Exosomes are small extracellular vesicles, with dimensions ranging from 30 to 150 nm, secreted by nearly all cell types. They function as cargo transporters, transferring nucleic acid, proteins, lipids, and other stuffs between cells.⁸ Exosomes are integral to numerous biological processes and the pathogenesis of various diseases.⁹ The process of exosome biogenesis enables the packaging of molecules from both membranous and cytosolic origins, making them reflective of the state of the releasing cell and providing valuable insights into the cellular environment. The encapsulation of proteins and RNAs within exosomes prevents their degradation, making exosomes an ideal source of biomarkers. Advances in exosome isolation techniques have garnered significant attention for their potential in clinical applications. Increasing evidence supports the potential of exosomes as valuable biomarkers for early diagnosis and prognosis assessment in cardiovascular diseases.¹⁰

MALAT1-associated small cytoplasmic RNA (mascRNA) originates from the nuclear long non-coding RNA MALAT1, is a tRNA-like small non-coding RNA, and is localized in the cytoplasm.¹¹ While MALAT1 has been extensively studied and shown to influence various cellular processes, including the development of atherosclerosis,^12,13 the function of mascRNA remains largely unknown. Recent research has detected high levels of mascRNA in circulating human peripheral blood mononuclear cells (PBMCs).¹⁴ MascRNA suppresses the production of inflammatory cytokines in LPS-stimulated macrophages by inhibiting the activation of NF-κB and MAPK signaling pathways.¹⁵ In murine models of atherosclerosis, mascRNA deficiency leads to hyperactivity of circulating inflammatory cells and an increased macrophage presence in atherosclerotic plaques, contributing to plaque rupture and thrombosis formation.¹⁶ However, the expression of mascRNA in circulating exosomes remains poorly understood.

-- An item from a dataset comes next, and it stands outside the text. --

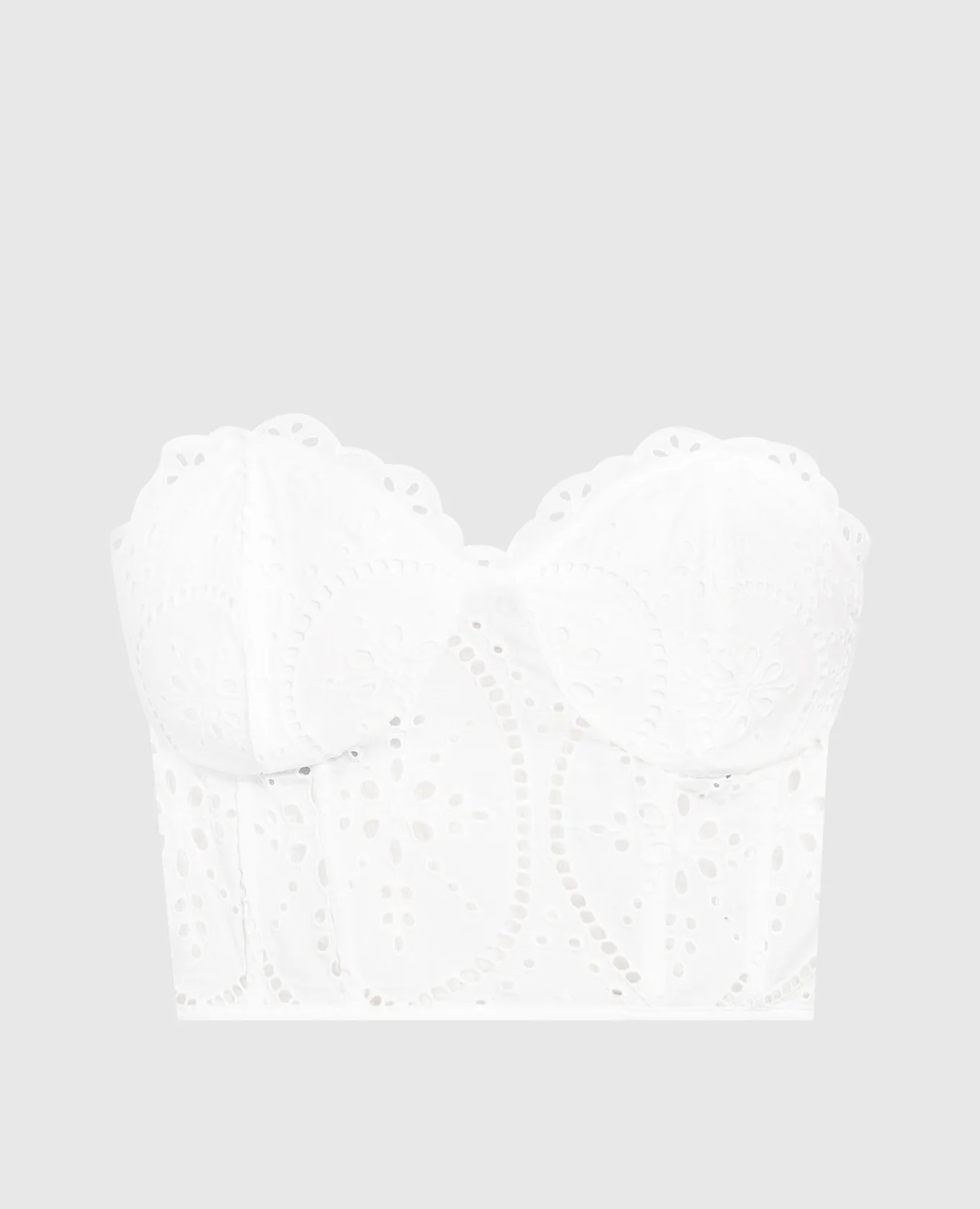 Charo Ruiz White Lita bustier top with broderie embroidery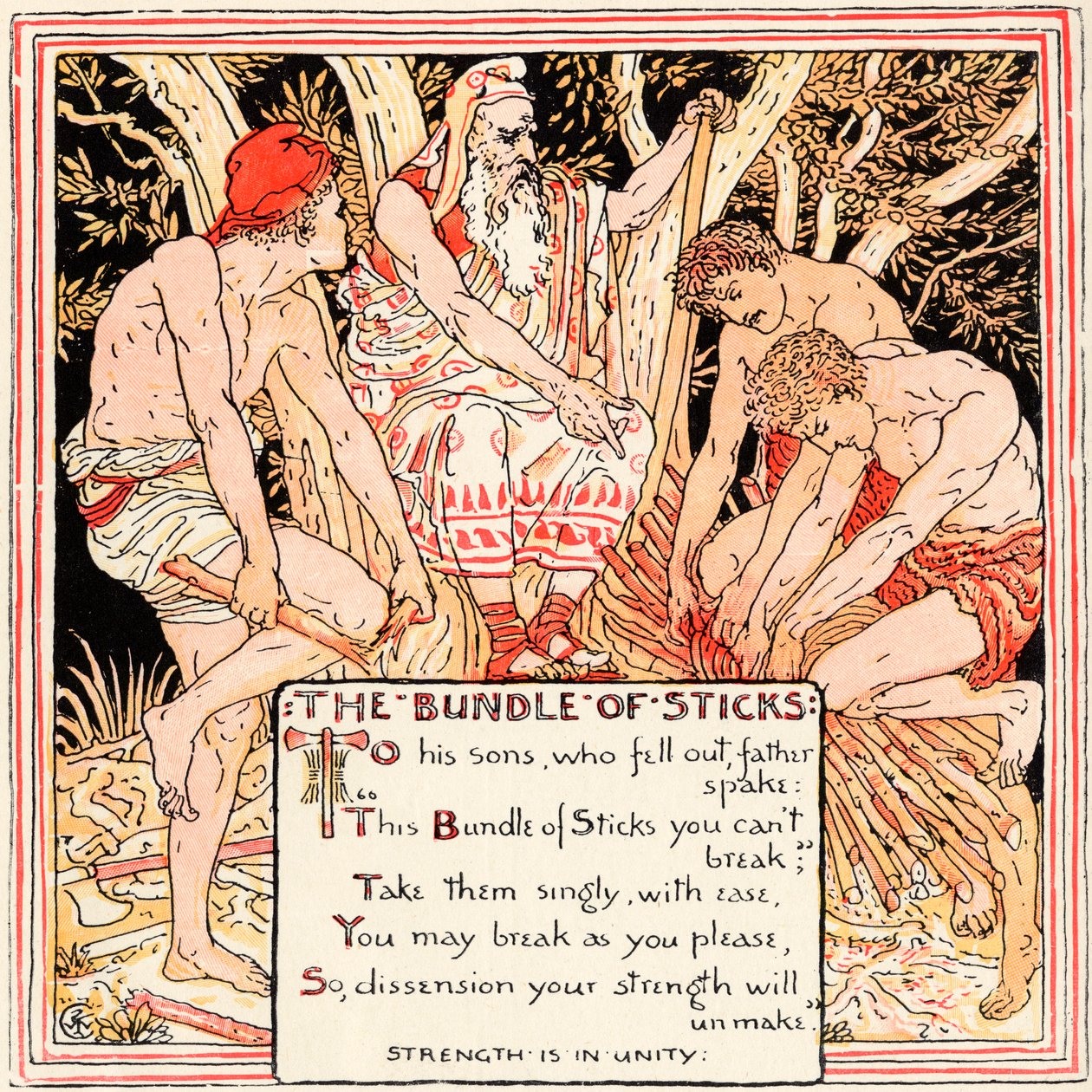 حزمة العصي ، رسم توضيحي من &39;Baby&39;s Own Aesop&39; ، منقوش ومطبوع من قبل إدموند إيفانز ، لندن ، تم نشره عام 1920 بواسطة والتر كرين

Our previous study demonstrated that MALAT1 may serve as a promising biomarker for cardiovascular disease, showing diagnostic potential for ACS patients.¹⁷ However, limited research has evaluated the diagnostic value of mascRNA in cardiovascular disease. This study aims to explore the link between plasma-derived exosomal mascRNA and the occurrence of ACS and its association with adverse cardiovascular events.

Materials and Methods

Study Subjects

This study included 281 patients who underwent coronary angiography at Meizhou People’s Hospital from Oct. 2021 to May 2024. The ACS patients were diagnosed according to the 2020 ESC Guidelines for managing acute coronary syndromes,¹⁸ which were characterized by symptoms such as recurrent chest pain at rest or with minimal exertion, as well as severe angina that began or worsened within 4 weeks before the procedure. The exclusion criteria included severe valvular heart disease, severe arrhythmias, acute or chronic inflammation, malignant tumors, autoimmune diseases, and hematologic disorders. The non-ACS group included individuals who were diagnosed without coronary artery disease (CAD) by cardiologists as coronary angiography indicative of stenosis < 50%. This research was approved by the Ethical Committee of Meizhou People’s Hospital (Approval No. MPH-HEC 2023-C-34) and was conducted in full accordance with the principles of the Declaration of Helsinki. Informed written consent was collected from each participant. Figure 1 illustrates the study flow.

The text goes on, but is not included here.